Altaf Musani, alto responsable de la OMS, señaló durante una comparecencia telemática desde Nueva York que el costo humano de esta situación es significativo y continúa en aumento. Según los datos recopilados por las agencias, más de 100.000 personas se encuentran actualmente en lista de espera para intervenciones quirúrgicas que han sido aplazadas debido a la falta de suministros médicos y a la imposibilidad de garantizar un flujo eléctrico constante en los quirófanos. De esta cifra, aproximadamente 11.000 corresponden a pacientes menores de edad.
El informe técnico detalla que alrededor de cinco millones de personas con enfermedades crónicas enfrentan interrupciones en sus tratamientos. La situación es especialmente delicada para los pacientes oncológicos: más de 16.000 personas requieren sesiones de radioterapia que dependen de equipos de alta precisión, mientras que otras 12.000 reciben quimioterapia en un entorno donde la refrigeración de fármacos y el funcionamiento de laboratorios se ven comprometidos diariamente.

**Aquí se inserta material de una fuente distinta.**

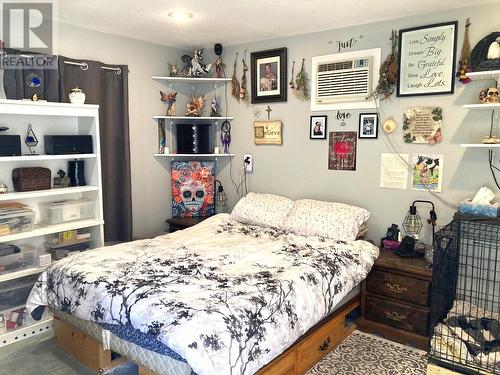 2214 Lakeview Drive, Blind Bay, BC - Indoor Photo Showing Bedroom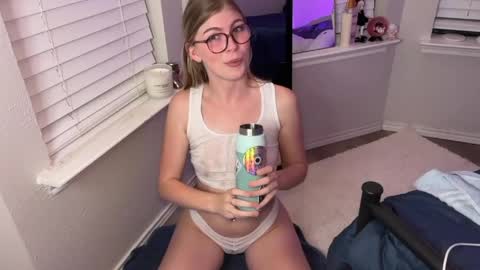Ellie online show from April 13, 2:25 am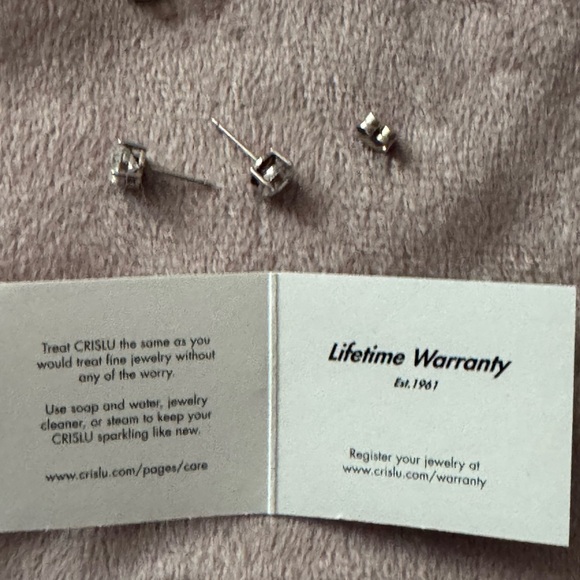 Diamond Stud Earrings Crislu 2ct Silver Cubic Zirconia Gift Box unworn - Picture 8 of 12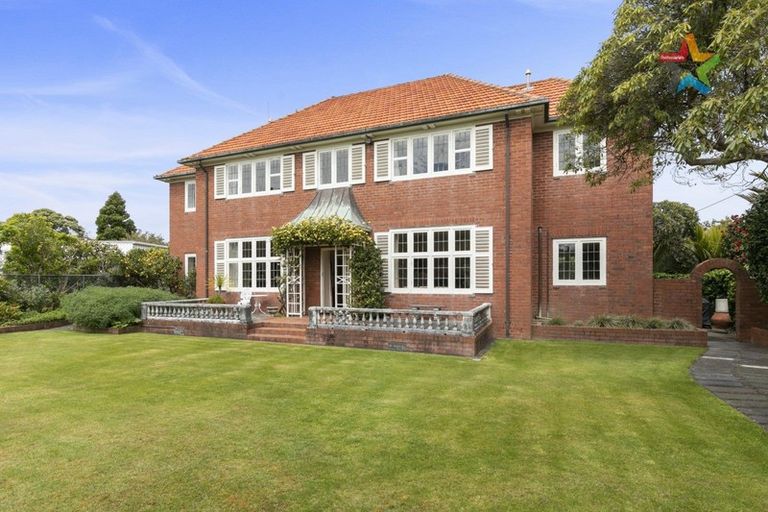 Photo of property in 130 Woburn Road, Woburn, Lower Hutt, 5010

En el ámbito de la salud reproductiva, la Oficina de Coordinación de Asuntos Humanitarios (OCHA) reportó que 32.000 mujeres embarazadas afrontan riesgos adicionales. Las limitaciones energéticas afectan no solo el acceso a pruebas diagnósticas, sino también el soporte vital en áreas críticas. Edem Wosornu, directora de operaciones de OCHA, describió situaciones donde el personal sanitario debe transportar agua manualmente por las escaleras en centros maternos debido al fallo de las bombas eléctricas durante las labores de parto.
Asimismo, los expertos advirtieron sobre un incremento potencial en la propagación de enfermedades infectocontagiosas como el dengue y el chikungunya. El déficit en el bombeo de agua potable, el colapso parcial de los sistemas de saneamiento y las dificultades para mantener la cadena de frío en los programas de inmunización nacional configuran un escenario de vulnerabilidad epidemiológica que los organismos internacionales califican de preocupante.
A pesar del contexto adverso, la ONU destacó el esfuerzo del personal sanitario local para mantener la asistencia mínima bajo circunstancias extremas. No obstante, la organización subrayó que la ayuda humanitaria debe movilizarse de manera inmediata para evitar un colapso mayor. La escasez de combustibles fósiles, que según informes recientes ha dejado las reservas de diésel y fuel oil en niveles mínimos históricos, continúa siendo el principal obstáculo para la operatividad de la infraestructura hospitalaria en toda la geografía cubana.